◆ Exercise ◆
Output only the lines below from the one containing "Lacivert Beyaz Ramazan" to the one containing "Website Warner Music", exactly as written, both ends kept.

======== Material provided ========

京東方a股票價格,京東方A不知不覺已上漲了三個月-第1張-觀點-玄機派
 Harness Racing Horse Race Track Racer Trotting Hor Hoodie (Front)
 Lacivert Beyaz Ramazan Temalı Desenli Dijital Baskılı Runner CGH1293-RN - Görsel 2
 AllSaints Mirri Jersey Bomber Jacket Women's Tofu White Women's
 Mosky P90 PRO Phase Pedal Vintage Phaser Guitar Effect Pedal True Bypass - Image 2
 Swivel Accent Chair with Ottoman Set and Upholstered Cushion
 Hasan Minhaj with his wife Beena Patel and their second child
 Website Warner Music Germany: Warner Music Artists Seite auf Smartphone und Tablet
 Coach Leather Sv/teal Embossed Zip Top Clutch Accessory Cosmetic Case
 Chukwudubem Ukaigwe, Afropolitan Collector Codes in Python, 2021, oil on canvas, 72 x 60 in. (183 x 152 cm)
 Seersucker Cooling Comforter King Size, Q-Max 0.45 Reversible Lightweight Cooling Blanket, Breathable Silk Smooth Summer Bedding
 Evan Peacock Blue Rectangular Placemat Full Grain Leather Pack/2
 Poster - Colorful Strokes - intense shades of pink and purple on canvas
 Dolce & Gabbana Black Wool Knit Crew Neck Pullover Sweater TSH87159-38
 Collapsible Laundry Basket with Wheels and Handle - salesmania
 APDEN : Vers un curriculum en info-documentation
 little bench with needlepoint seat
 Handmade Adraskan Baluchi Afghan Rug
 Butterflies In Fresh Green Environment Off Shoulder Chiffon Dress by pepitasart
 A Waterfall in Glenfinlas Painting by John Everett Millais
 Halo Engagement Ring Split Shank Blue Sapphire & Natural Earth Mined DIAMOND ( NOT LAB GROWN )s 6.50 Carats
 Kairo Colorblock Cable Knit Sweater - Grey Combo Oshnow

========

◆ Reply ◆
 Lacivert Beyaz Ramazan Temalı Desenli Dijital Baskılı Runner CGH1293-RN - Görsel 2
 AllSaints Mirri Jersey Bomber Jacket Women's Tofu White Women's
 Mosky P90 PRO Phase Pedal Vintage Phaser Guitar Effect Pedal True Bypass - Image 2
 Swivel Accent Chair with Ottoman Set and Upholstered Cushion
 Hasan Minhaj with his wife Beena Patel and their second child
 Website Warner Music Germany: Warner Music Artists Seite auf Smartphone und Tablet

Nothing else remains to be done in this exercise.